En 1950 fue seleccionada para trabajar en la obra Un angelito diabólico en el Teatro Astral y en 1952 debutó en cine La melodía perdida, por la que fue galardonada por "destacada labor infantil" con una mención especial de la Academia de Artes y Ciencias Cinematográficas de la Argentina.

En 1953 se destacó en el policial La niña del gato, actuación por la cual recibió el Cóndor de Plata a la mejor actriz de reparto otorgado por la Asociación de Cronistas Cinematográficos de la Argentina y en 1955 retornó al teatro para interpretar el demoníaco personaje de La mala semilla. Ya adolescente finalizó su carrera en el cine con El primer beso y Mientras haya un circo, ambas de 1958, si bien retornó brevemente para un doblaje de El ojo que espía (1966).

En 1967 participó en la representación de la obra Así es la vida de Arnaldo Malfatti y Nicolás de las Llanderas, dirigida por Pedro Escudero en el teatro Astral en un elenco en el que además figuraban Vicente Ariño, Ricardo Bauleo, Rey Charol, María Esther Gamas, Beto Gianola, Juan Carlos Lima, Mecha Ortiz, Angélica López Gamio, Eddie Pequenino, Delma Ricci, Jorge de la Riestra, Luis Sandrini, Perla Santalla, Héctor Sturman, con escenografía de Raúl Soldi.

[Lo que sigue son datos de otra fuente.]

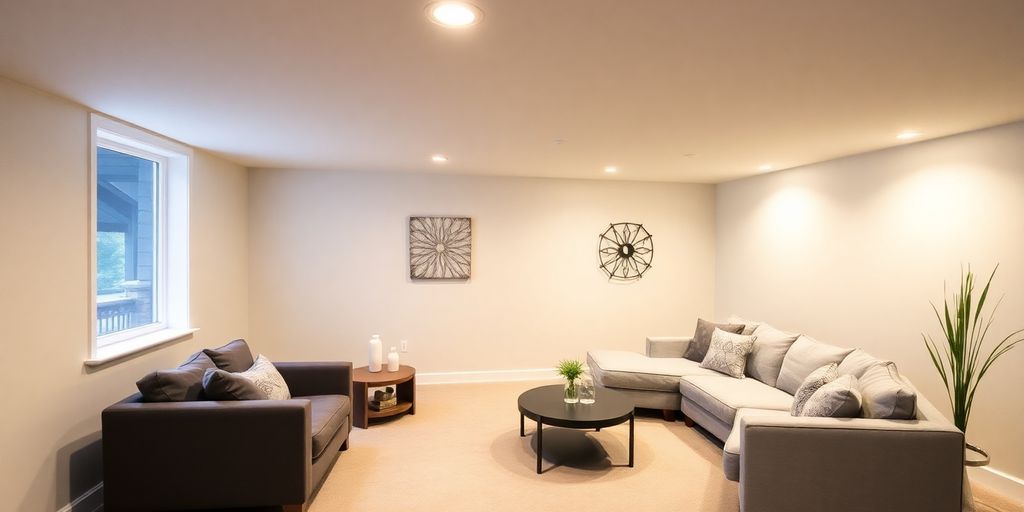Bright, modern Alpharetta basement with cozy seating.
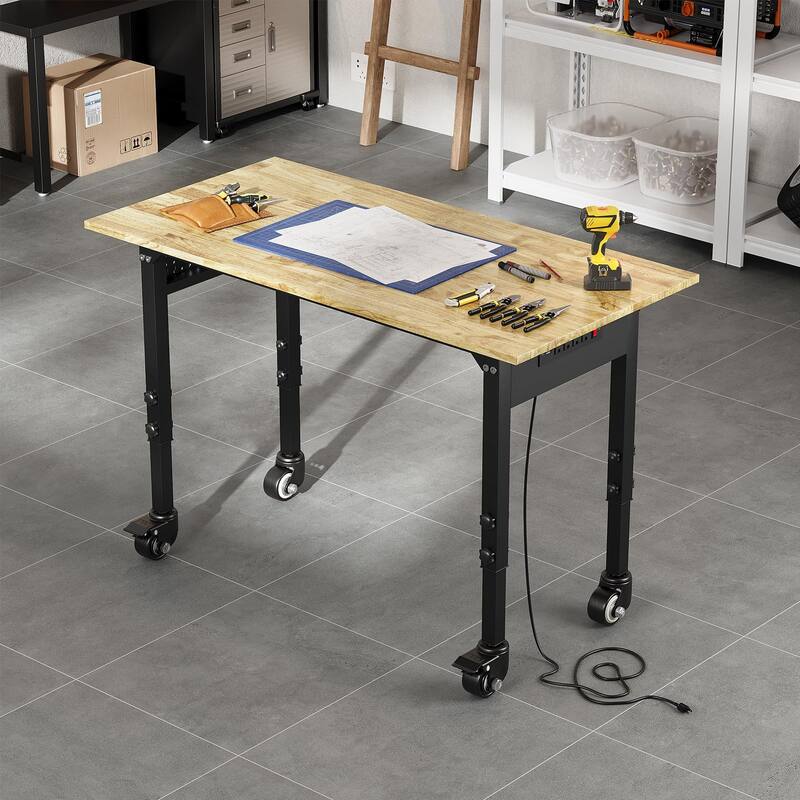 48inch 60inch Adjustable Heavy Duty Workbench with 4 AC Outlet and 2 USB Ports Power Outlets, 2200 LBS Load Capacity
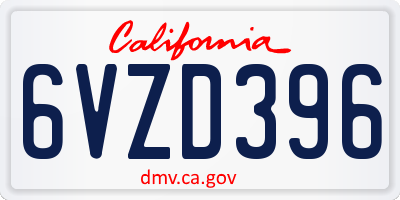 CA license plate 6VZD396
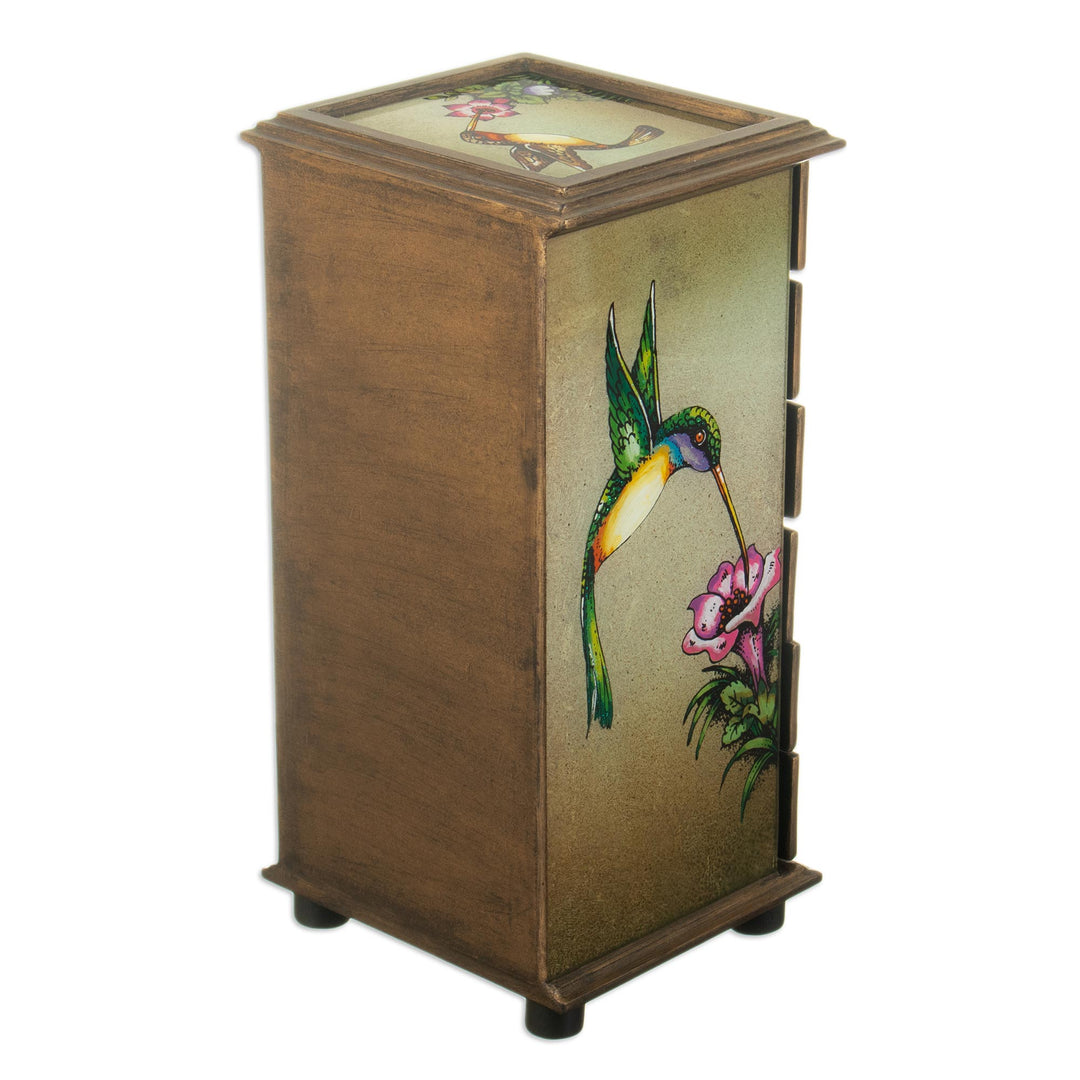 Hummingbirds Reverse Painted Glass Jewelry Box from Peru - Flying Hummingbirds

En 1968 trabajó junto a Catalina Speroni, Cristina Murta, Antonio Martiánez, Leonor Benedetto, Héctor Biuchet, Ivonne Fournery y José María Vilches en la obra de Juan Ruiz de Alarcón, La verdad sospechosa, dirigida por Manuel Benítez Sánchez Cortés con escenografía de Saulo Benavente en el Museo de Arte Español Enrique Larreta.

Trabajó en Radio El Mundo en 1954 y 1955 junto a Osvaldo Canónico y Elcira Olivera Garcés en el programa ¡Qué mundo de juguete!, con libretos de Abel Santa Cruz.

Retirada de la actuación se radicó en Estados Unidos para trabajar de periodista.